Task instructions
Lines from the first one down to the one containing "Leoi Faux Suede" in the data below are the only ones needed; please return them exactly, both ends included.

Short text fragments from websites
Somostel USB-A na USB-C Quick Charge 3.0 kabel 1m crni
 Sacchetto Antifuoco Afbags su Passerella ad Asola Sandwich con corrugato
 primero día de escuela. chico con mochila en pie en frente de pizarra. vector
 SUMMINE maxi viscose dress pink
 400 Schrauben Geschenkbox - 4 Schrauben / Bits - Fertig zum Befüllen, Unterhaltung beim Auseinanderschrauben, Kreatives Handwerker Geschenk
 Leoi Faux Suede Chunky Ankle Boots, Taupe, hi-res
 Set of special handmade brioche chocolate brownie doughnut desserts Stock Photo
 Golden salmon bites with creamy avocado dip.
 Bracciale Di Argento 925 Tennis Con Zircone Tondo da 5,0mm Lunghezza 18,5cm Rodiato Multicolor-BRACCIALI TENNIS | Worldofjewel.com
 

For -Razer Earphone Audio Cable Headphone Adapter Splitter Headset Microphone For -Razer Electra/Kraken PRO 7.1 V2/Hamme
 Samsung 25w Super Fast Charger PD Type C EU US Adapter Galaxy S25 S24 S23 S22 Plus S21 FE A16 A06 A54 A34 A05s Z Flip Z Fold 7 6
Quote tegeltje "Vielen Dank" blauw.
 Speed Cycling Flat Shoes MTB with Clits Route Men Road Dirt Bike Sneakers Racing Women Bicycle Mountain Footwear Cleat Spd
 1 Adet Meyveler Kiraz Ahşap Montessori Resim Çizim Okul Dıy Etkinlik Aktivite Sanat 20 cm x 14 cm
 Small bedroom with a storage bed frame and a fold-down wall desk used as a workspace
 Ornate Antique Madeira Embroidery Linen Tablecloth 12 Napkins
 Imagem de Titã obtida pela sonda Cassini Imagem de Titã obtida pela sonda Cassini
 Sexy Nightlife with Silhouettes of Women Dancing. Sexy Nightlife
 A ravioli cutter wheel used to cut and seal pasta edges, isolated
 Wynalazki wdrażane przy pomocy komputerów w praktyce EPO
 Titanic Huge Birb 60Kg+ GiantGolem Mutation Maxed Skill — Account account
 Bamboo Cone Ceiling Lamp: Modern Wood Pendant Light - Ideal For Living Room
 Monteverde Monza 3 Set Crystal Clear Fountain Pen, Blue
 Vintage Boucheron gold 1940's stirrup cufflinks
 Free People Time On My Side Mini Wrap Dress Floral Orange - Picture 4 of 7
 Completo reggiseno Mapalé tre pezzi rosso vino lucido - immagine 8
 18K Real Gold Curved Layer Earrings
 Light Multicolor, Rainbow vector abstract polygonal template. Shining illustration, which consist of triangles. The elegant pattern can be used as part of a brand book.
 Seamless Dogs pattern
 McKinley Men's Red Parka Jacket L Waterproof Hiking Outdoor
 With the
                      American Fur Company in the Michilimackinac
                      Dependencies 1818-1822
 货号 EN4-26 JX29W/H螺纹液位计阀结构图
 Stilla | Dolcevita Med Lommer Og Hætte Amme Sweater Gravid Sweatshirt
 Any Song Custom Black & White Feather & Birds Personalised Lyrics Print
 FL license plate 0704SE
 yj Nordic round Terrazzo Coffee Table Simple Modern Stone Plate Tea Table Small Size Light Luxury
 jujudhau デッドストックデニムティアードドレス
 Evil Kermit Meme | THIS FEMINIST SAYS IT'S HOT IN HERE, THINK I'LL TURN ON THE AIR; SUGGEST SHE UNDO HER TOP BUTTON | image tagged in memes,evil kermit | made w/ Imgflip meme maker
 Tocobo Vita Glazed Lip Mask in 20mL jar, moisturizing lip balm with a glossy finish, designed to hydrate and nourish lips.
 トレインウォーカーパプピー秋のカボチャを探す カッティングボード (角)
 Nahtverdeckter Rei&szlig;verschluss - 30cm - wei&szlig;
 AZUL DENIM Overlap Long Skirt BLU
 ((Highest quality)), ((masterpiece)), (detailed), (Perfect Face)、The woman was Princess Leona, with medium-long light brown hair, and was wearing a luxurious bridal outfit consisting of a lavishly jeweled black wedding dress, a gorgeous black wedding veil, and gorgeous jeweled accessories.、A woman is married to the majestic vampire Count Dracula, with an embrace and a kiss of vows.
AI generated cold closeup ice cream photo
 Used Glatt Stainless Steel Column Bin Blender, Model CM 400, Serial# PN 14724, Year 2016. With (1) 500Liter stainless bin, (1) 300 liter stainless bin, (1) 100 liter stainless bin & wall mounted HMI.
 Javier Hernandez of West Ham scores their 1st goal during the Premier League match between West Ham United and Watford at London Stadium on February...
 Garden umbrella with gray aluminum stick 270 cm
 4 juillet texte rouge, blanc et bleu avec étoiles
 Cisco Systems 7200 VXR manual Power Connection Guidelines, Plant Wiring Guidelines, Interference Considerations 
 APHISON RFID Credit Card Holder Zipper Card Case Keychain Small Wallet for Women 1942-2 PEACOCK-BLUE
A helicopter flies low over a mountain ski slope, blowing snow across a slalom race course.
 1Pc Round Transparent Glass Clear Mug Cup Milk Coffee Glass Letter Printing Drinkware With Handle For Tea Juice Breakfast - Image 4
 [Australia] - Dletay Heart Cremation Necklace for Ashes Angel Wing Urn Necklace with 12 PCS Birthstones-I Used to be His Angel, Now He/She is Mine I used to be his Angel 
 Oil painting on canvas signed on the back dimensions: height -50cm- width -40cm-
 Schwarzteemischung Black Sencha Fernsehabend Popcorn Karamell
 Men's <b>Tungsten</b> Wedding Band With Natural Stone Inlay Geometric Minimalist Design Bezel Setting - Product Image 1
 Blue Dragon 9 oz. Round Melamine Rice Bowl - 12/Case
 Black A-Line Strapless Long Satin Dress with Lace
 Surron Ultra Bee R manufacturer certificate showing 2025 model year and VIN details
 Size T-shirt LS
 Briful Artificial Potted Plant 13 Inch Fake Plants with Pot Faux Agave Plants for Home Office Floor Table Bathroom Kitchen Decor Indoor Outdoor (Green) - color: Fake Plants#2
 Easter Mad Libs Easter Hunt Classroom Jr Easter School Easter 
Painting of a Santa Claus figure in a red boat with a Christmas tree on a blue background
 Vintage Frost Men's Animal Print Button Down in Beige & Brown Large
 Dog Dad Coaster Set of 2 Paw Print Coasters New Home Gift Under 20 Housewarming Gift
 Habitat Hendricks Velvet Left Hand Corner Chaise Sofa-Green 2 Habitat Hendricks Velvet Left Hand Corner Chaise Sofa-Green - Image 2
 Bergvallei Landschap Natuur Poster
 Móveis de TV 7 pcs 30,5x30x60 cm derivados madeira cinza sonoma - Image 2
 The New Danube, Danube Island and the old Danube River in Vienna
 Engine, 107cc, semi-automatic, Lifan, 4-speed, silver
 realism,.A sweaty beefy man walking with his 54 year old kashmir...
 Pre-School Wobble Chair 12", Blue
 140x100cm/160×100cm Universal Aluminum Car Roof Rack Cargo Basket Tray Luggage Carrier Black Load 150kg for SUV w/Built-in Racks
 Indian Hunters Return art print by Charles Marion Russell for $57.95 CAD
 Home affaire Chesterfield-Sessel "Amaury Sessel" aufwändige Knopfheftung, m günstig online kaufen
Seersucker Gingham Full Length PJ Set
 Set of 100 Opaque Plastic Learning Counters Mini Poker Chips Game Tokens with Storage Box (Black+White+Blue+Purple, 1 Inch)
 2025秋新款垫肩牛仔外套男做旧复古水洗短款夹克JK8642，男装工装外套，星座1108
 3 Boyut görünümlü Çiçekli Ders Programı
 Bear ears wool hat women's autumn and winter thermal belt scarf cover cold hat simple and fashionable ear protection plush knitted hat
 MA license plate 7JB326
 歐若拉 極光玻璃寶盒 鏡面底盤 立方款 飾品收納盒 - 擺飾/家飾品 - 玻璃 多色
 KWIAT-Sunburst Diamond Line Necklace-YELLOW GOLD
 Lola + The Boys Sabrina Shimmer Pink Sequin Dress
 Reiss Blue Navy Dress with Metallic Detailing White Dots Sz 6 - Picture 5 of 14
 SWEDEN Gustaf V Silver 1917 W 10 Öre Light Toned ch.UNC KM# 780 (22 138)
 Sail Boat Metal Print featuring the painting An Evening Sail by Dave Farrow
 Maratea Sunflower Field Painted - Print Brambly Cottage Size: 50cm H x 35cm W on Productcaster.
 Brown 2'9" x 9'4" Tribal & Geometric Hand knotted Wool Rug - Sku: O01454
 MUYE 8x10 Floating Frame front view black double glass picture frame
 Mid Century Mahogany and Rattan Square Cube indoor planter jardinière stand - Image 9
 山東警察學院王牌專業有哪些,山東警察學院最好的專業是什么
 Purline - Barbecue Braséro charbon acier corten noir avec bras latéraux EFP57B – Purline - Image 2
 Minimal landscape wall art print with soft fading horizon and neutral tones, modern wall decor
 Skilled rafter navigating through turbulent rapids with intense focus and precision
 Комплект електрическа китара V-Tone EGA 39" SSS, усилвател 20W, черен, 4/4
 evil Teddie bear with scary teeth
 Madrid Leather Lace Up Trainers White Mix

Completed task
Somostel USB-A na USB-C Quick Charge 3.0 kabel 1m crni
 Sacchetto Antifuoco Afbags su Passerella ad Asola Sandwich con corrugato
 primero día de escuela. chico con mochila en pie en frente de pizarra. vector
 SUMMINE maxi viscose dress pink
 400 Schrauben Geschenkbox - 4 Schrauben / Bits - Fertig zum Befüllen, Unterhaltung beim Auseinanderschrauben, Kreatives Handwerker Geschenk
 Leoi Faux Suede Chunky Ankle Boots, Taupe, hi-res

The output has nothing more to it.